Outre les règles communautaires habituelles relatives à la libre circulation des personnes, la CJUE appuie plus précisément son argumentation sur deux éléments de la directive du 29 avril 2004.
L’un de ces éléments considère comme « membre de la famille » le cosignataire d’un « partenariat enregistré » (pacs) « sur la base de la législation d’un État membre [où] les partenariats enregistrés sont équivalents au mariage ».
L’autre élément interdit les discriminations relatives notamment à l’orientation sexuelle.

« Il s’ensuit que la directive 2004/38 […] n’est pas susceptible de fonder un droit de séjour dérivé en faveur de M. Hamilton » (le conjoint de nationalité américaine), admet dans un premier temps la CJUE (alinéa 21), mais en précisant aussitôt « que des ressortissants d’États tiers […] pouvaient toutefois se voir reconnaître un tel droit ». En l’occurrence, énonce l’arrêt en son alinéa 24, si « une vie de famille s’est développée ou consolidée dans cet État membre » (la Belgique), alors il faut « que la vie de famille que ce citoyen a menée dans ledit État membre puisse être poursuivie lors de son retour dans l’État membre dont il possède la nationalité » (la Roumanie).

La notion de conjoint « est neutre du point de vue du genre et est donc susceptible d’englober le conjoint de même sexe », précise l’arrêt (alinéa 35). Ménageant diverses particularités nationales d’inspiration homophobe (les gouvernements de Lettonie, de Hongrie et de Pologne ont témoigné en faveur de la Roumanie dans cette affaire), la CJUE soutient que « reconnaissance aux seules fins de l’octroi d’un droit de séjour dérivé à un ressortissant d’un État tiers ne méconnaît pas l’identité nationale ni ne menace l’ordre public de l’État membre concerné ». Autrement dit, un cas particulier ne met pas du tout en danger le cas général.

Et la CJUE de conclure (alinéa 51) que…

[…] dans une situation dans laquelle un citoyen de l’Union a fait usage de sa liberté de circulation, en se rendant et en séjournant de manière effective […] dans un État membre autre que celui dont il a la nationalité, et a développé ou consolidé à cette occasion une vie de famille avec un ressortissant d’un État tiers de même sexe, auquel il s’est uni par un mariage légalement conclu dans l’État membre d’accueil, l’article 21, paragraphe 1, TFUE [traité de Rome] doit être interprété en ce sens qu’il s’oppose à ce que les autorités compétentes de l’État membre dont le citoyen de l’Union a la nationalité refusent d’accorder un droit de séjour sur le territoire de cet État membre audit ressortissant, au motif que le droit dudit État membre ne prévoit pas le mariage entre personnes de même sexe.

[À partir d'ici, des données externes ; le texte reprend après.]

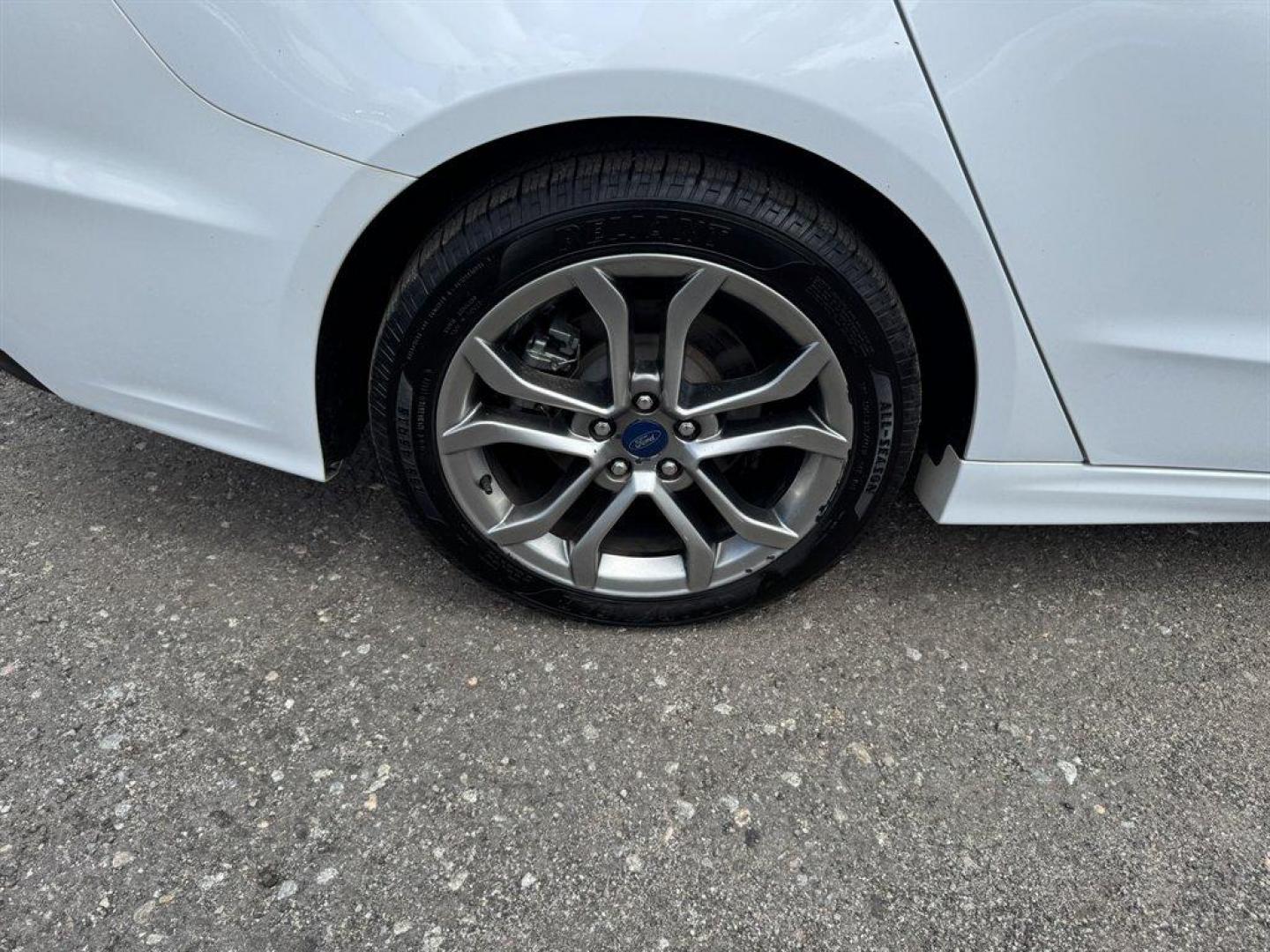 2019 White /Black Ford Fusion (3FA6P0CD8KR) with an 1.5l I-4 DI Dohc Ecoboost engine, Automatic transmission, located at 745 East Steele Rd., West Columbia, SC, 29170, (803) 755-9148, 33.927212, -81.148483 - Special Internet Price! 2019 Ford Fusion with AM/FM radio, Backup camera, Cruise control, Keyless entry, Leather interior, Powered driver seat, Powered windows, Powered door locks, Plus more! - Photo#34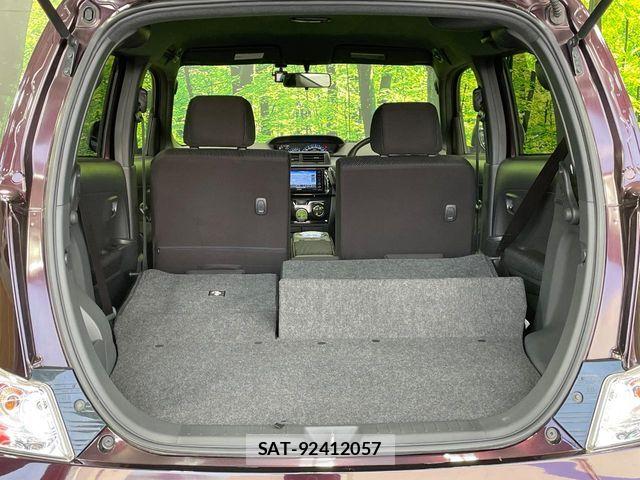 Toyota BB 2013-05 6715702-9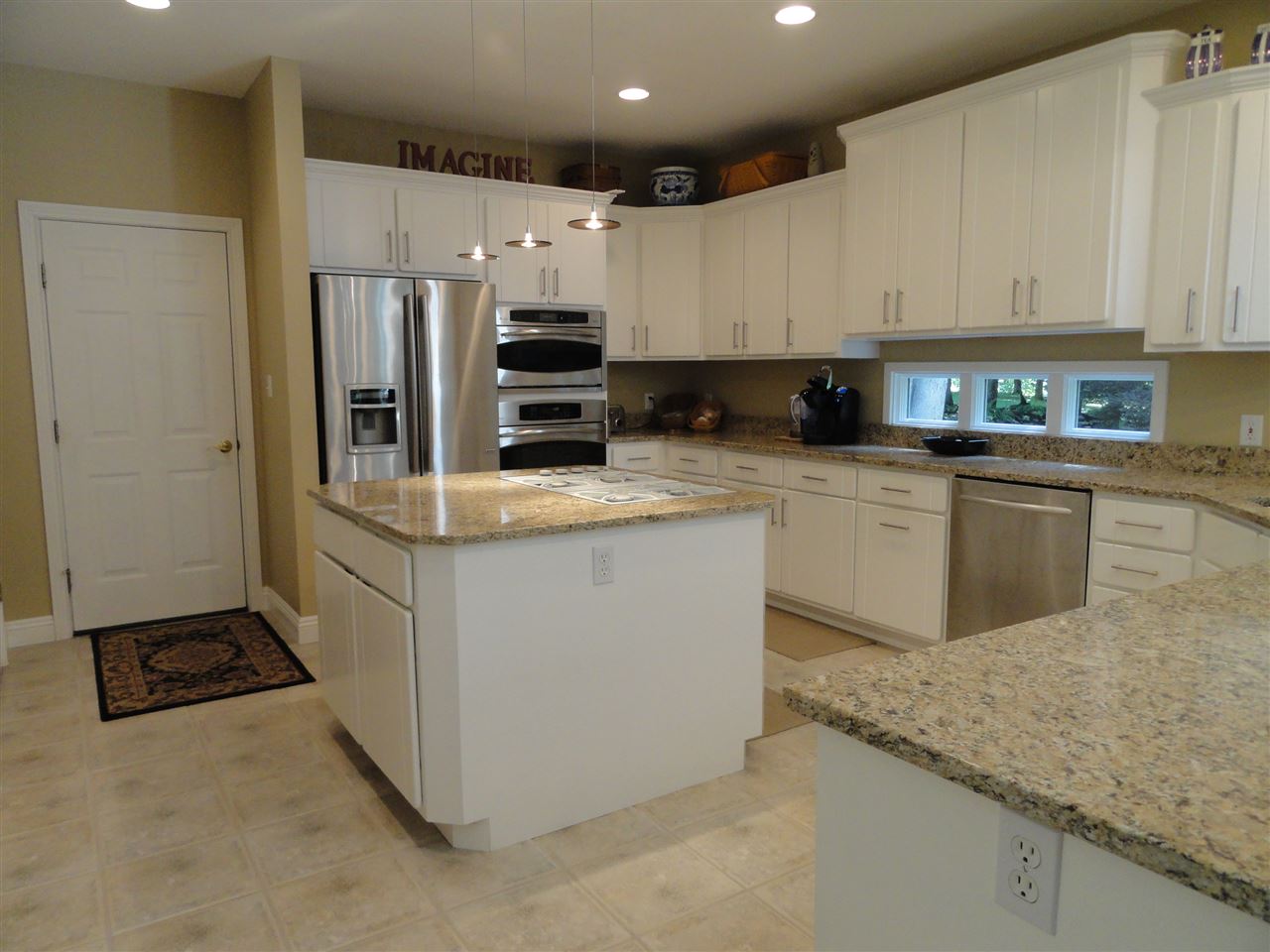 2796 Pointe Cove Road Bloomington, IN 47401 - Photo 9 of 36 Gallery Image 9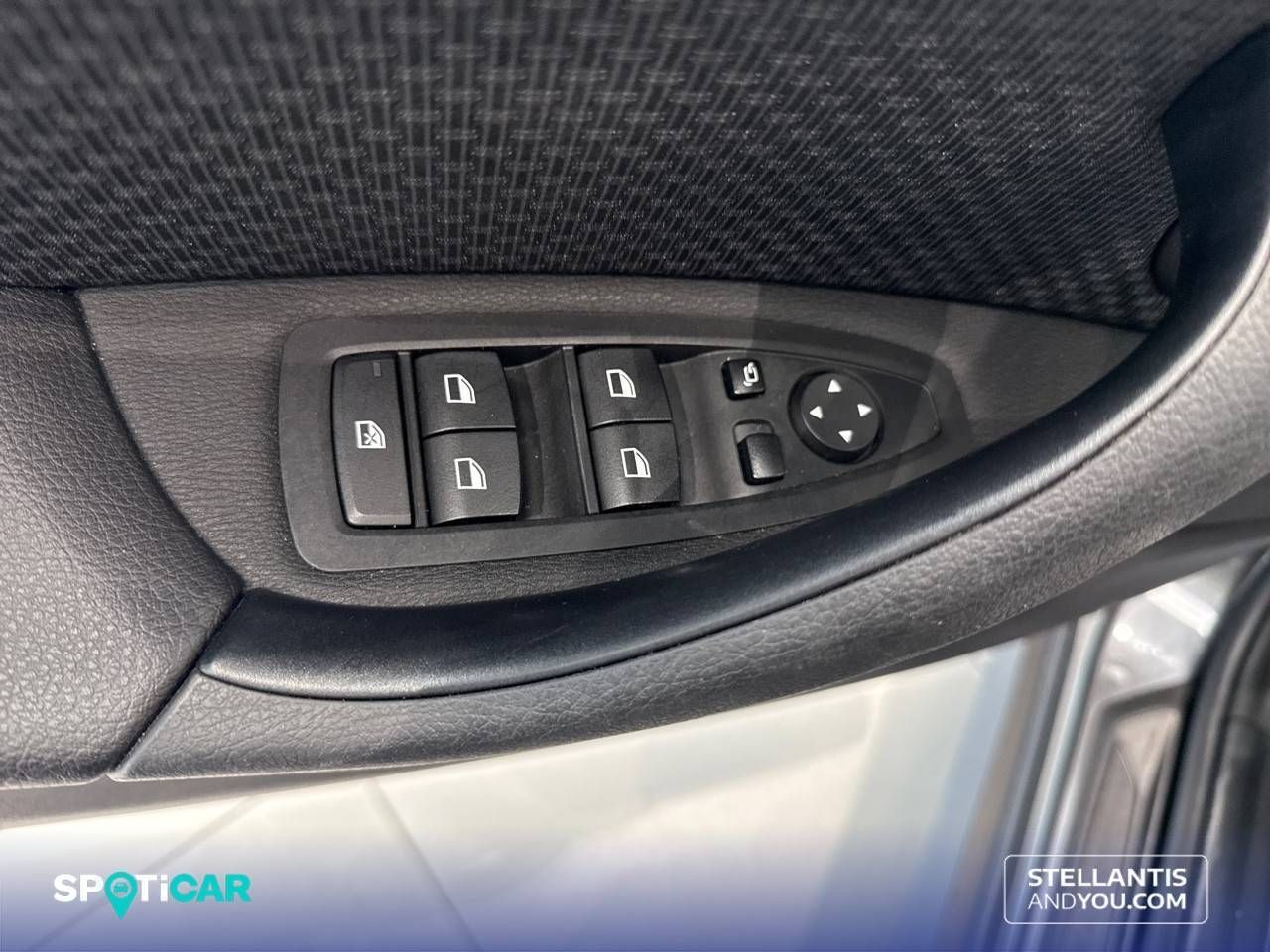 BMW X1  sDrive18dA Corporate - Foto 13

Telle était la première conclusion de la CJUE. En résumé : la non-prise en considération par un État européen d’un mariage homo légalement contracté dans un autre État européen n’est pas admissible.

La seconde conclusion va dans le même sens : un État de l’Union européenne ne peut pas restreindre un droit à visa de séjour long – supérieur à trois mois – au motif que le conjoint est de même sexe que le ressortissant de l’État d’accueil.

Rappel des faits

Après avoir vécu plusieurs années en couple à New York, un citoyen roumano-américain (R.A. Coman) et un citoyen américain (R.C. Hamilton) se sont mariés, à Bruxelles, le 5 novembre 2010. L’inspection roumaine à l’immigration refuse depuis 2012 au ressortissant américain un visa de séjour long – supérieur à trois mois – en Roumanie en vertu du regroupement familial, au motif que le conjoint américain ne peut pas être considéré comme faisant partie de la famille du ressortissant roumain puisque le code civil de Roumanie ne reconnaît pas le mariage homosexuel.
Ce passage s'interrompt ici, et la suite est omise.